Friday, September 6, 2013

The unconditional love of God

I once heard Rebecca St. James state this liberating truth in a concert: “There is nothing you can do to make God love you more, and there’s nothing you can do to make God love you less.” This is a profound statement. Too often we are tempted to think, “If I just perform well enough for God. If I tithe to the church, or read the Bible; if I do all the things that a good Christian is supposed to do, then God will love me more.” We also reason, “If I’m selfish, if I’m proud and arrogant, if I snap in anger at my spouse, if I indulge in sin, then God will love me less.” This isn’t true.

I’m making a “T” signal with my hands to signal a time-out, as football teams do (by the way, good first game, Broncos! Keep it up.). We need to take a time-out. I have to give a very important clarification. Based on what I’ve said thus far, some may presume that I’m suggesting that it is acceptable to sin until your heart’s content, because God’s love will remain constant and unchanging anyway. Please understand: I am not at all advocating this. It is wrong to assume that we should go out and do any self-centered thing we want to do just because God’s love will always endure.

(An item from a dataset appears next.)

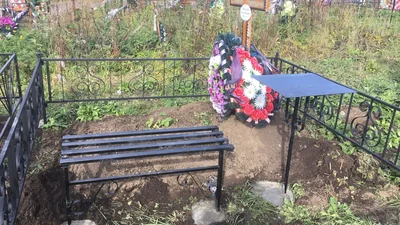 Памятники — фото портфолио «Ритуал-С»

The reality is if we choose to live an unrighteous and unholy life, God will actually begin to discipline and correct us, as the Bible tells us in Hebrews 12. He does this out of love for His children because the precepts He has laid out in His Word are actually for our protection, not our deprivation. I hope it’s crystal clear that I’m not suggesting that we can just go out and live any way we want. Having said all this, the Bible says in 1 John chapter 1 that there’s not a person on this planet that lives a perfect and sinless life. We all make mistakes. In those episodes of making sinful mistakes, God’s love for us doesn’t diminish.

Furthermore, as we flip the coin over, it is great to go to church; it's great to give God your tithes and offerings. It's great to pray and read the Bible, etc. However, it's easy for this to become a legalistic ritual. We can begin to think that if we do these things we somehow magically earn Heavenly merit badges before God. God doesn't say, "Make sure you do this and this. Make sure you check off all the boxes, and I'll love you more than I did before." No, nothing could be further from the truth. God doesn't expect us to perform for Him in a legalistic way. We do these things because we want to, not because we have to. Additionally, a Christian is in right standing with God because of Jesus and Jesus alone, not because of any works.